- _TO DO_: Each record must be printed again exactly as given.

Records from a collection
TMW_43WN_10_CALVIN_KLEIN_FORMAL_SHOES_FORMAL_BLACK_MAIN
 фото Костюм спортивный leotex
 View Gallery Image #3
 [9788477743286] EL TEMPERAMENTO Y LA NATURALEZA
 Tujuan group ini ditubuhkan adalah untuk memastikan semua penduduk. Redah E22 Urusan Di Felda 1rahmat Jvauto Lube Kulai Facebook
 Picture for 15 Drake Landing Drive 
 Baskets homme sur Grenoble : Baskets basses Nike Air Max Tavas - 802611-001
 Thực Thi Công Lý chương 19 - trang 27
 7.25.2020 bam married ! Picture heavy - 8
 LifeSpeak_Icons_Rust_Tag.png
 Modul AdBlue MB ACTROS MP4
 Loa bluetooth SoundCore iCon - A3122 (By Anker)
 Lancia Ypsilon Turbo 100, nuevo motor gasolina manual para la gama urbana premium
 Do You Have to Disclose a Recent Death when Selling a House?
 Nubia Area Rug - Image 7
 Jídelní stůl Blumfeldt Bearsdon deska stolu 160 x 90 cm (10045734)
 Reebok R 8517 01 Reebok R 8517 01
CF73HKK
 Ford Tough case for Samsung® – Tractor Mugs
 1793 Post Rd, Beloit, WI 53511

- _SOLUTION_:
TMW_43WN_10_CALVIN_KLEIN_FORMAL_SHOES_FORMAL_BLACK_MAIN
 фото Костюм спортивный leotex
 View Gallery Image #3
 [9788477743286] EL TEMPERAMENTO Y LA NATURALEZA
 Tujuan group ini ditubuhkan adalah untuk memastikan semua penduduk. Redah E22 Urusan Di Felda 1rahmat Jvauto Lube Kulai Facebook
 Picture for 15 Drake Landing Drive 
 Baskets homme sur Grenoble : Baskets basses Nike Air Max Tavas - 802611-001
 Thực Thi Công Lý chương 19 - trang 27
 7.25.2020 bam married ! Picture heavy - 8
 LifeSpeak_Icons_Rust_Tag.png
 Modul AdBlue MB ACTROS MP4
 Loa bluetooth SoundCore iCon - A3122 (By Anker)
 Lancia Ypsilon Turbo 100, nuevo motor gasolina manual para la gama urbana premium
 Do You Have to Disclose a Recent Death when Selling a House?
 Nubia Area Rug - Image 7
 Jídelní stůl Blumfeldt Bearsdon deska stolu 160 x 90 cm (10045734)
 Reebok R 8517 01 Reebok R 8517 01
CF73HKK
 Ford Tough case for Samsung® – Tractor Mugs
 1793 Post Rd, Beloit, WI 53511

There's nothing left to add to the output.